* [Exercise brief]: Would you please output, word for word, the span of the listing below that opens on the line containing "2 Bedroom Property" and closes on the line containing "Le Babe - Ivory Cluster Med Heel Court Shoe*"? Include both ends and nothing more.

○ ○ ○

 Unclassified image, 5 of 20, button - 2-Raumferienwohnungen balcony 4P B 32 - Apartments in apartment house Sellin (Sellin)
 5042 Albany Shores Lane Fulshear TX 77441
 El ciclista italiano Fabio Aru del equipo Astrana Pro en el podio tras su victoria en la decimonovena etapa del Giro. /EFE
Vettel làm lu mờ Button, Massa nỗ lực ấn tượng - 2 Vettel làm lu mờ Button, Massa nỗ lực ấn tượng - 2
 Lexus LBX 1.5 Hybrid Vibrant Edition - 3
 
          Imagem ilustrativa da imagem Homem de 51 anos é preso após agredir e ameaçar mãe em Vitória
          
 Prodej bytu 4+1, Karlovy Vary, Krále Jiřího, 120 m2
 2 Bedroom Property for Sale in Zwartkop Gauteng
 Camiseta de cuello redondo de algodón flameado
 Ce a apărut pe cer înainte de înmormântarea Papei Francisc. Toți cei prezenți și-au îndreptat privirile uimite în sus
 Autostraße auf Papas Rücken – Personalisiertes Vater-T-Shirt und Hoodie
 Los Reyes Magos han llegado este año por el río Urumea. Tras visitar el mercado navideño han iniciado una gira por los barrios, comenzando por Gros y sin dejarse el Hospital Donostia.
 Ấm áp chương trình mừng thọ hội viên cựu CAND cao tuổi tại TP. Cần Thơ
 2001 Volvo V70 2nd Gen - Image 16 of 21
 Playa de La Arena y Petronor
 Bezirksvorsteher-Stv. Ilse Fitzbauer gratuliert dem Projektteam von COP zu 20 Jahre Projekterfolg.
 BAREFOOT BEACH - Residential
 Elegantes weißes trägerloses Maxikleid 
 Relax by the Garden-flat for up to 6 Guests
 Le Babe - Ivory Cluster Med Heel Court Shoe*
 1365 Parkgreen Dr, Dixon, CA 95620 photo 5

○ ○ ○

* [Written response]:
 2 Bedroom Property for Sale in Zwartkop Gauteng
 Camiseta de cuello redondo de algodón flameado
 Ce a apărut pe cer înainte de înmormântarea Papei Francisc. Toți cei prezenți și-au îndreptat privirile uimite în sus
 Autostraße auf Papas Rücken – Personalisiertes Vater-T-Shirt und Hoodie
 Los Reyes Magos han llegado este año por el río Urumea. Tras visitar el mercado navideño han iniciado una gira por los barrios, comenzando por Gros y sin dejarse el Hospital Donostia.
 Ấm áp chương trình mừng thọ hội viên cựu CAND cao tuổi tại TP. Cần Thơ
 2001 Volvo V70 2nd Gen - Image 16 of 21
 Playa de La Arena y Petronor
 Bezirksvorsteher-Stv. Ilse Fitzbauer gratuliert dem Projektteam von COP zu 20 Jahre Projekterfolg.
 BAREFOOT BEACH - Residential
 Elegantes weißes trägerloses Maxikleid 
 Relax by the Garden-flat for up to 6 Guests
 Le Babe - Ivory Cluster Med Heel Court Shoe*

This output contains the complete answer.